Penelitian ini menggunakan kerangka teori Realisme untuk menganalisis konflik Korea Selatan-Korea Utara. Model Aktor Rasional dan konsep Deterrence juga digunakan untuk menjelaskan rasionalitas keputusan Korea Selatan dalam merespon serangan Korea Utara. Konsep Realisme dijelaskan sebagai model yang paling bertahan lama dan rentan dalam Hubungan Internasional. Teori Rasional Choice difokuskan pada bagaimana Korea Selatan, sebagai aktor rasional, mengambil keputusan untuk membalas serangan Korea Utara dengan skala yang lebih kecil, mempertimbangkan kalkulasi serangan, korban, dan dampaknya. Konsep Deterrence dijelaskan sebagai upaya untuk mencegah perang dengan cara mengintimidasi lawan. Penelitian ini juga membahas konsep Aliansi dalam teori Realisme, termasuk balancing dan bandwagoning, untuk menjelaskan aliansi Korea Selatan dengan AS sebagai upaya untuk menyeimbangkan kekuatan dengan Korea Utara. Konsep deterrence dijelaskan sebagai upaya untuk mempengaruhi psikologi lawan agar tidak melakukan tindakan penyerangan lebih lanjut. Penulis menekankan pentingnya pertimbangan kalkulasi serangan yang mencakup jenis senjata, jumlah tembakan, dan dampak kerusakan.

IV.Hipotesis Penelitian

Penelitian ini berhipotesis bahwa keputusan Presiden Lee Myung-bak untuk membalas serangan Korea Utara dengan serangan yang lebih kecil merupakan tindakan rasional untuk menghindari eskalasi konflik. Strategi ini dipadukan dengan deterrence melalui demonstrasi kekuatan (show force) berupa latihan militer gabungan berskala besar dengan AS untuk mencegah serangan lebih lanjut dari Korea Utara. Dengan demikian, serangan yang lebih kecil dapat diartikan sebagai bagian dari strategi yang lebih besar untuk mencapai tujuan keamanan nasional Korea Selatan.

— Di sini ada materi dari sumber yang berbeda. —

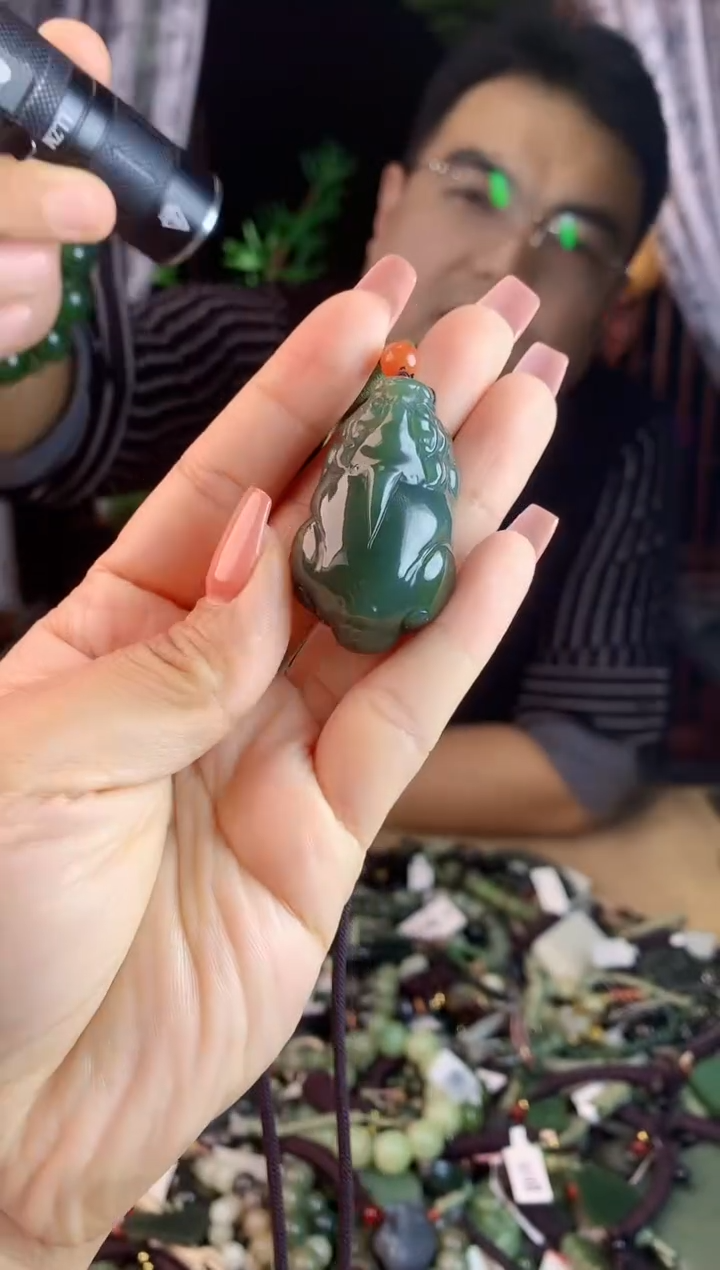 【闪购商品】和田玉挂件未镶嵌多样性发货拍一发一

1. Keputusan Respon Terukur Korea Selatan Sebuah Tindakan Deterrence

Hipotesis utama penelitian ini adalah bahwa keputusan Presiden Lee Myung-bak untuk membalas serangan Korea Utara dengan kapasitas yang lebih kecil, disebabkan oleh upaya untuk menghindari perang besar. Strategi ini dijalankan dengan melakukan 'show of force' berupa latihan militer gabungan skala besar dengan Amerika Serikat setelah insiden di Pulau Yeonpyeong. Tindakan ini bertujuan untuk memberikan efek gentar (deterrence) kepada Korea Utara, menunjukkan bahwa Korea Selatan mampu memberikan serangan yang lebih besar jika provokasi berlanjut. Pemilihan respon yang lebih kecil, meskipun mungkin merugikan dalam konteks langsung, dianggap sebagai keputusan rasional dalam konteks yang lebih luas untuk mencegah eskalasi konflik. Dengan kata lain, respon terukur ini bukan sebagai tanda kelemahan, melainkan bagian dari strategi yang lebih besar untuk mencapai keamanan nasional Korea Selatan. Penelitian ini akan menguji hipotesis ini dengan mengkaji bukti empiris yang mendukung dan mengidentifikasi faktor pendukung dari keputusan tersebut.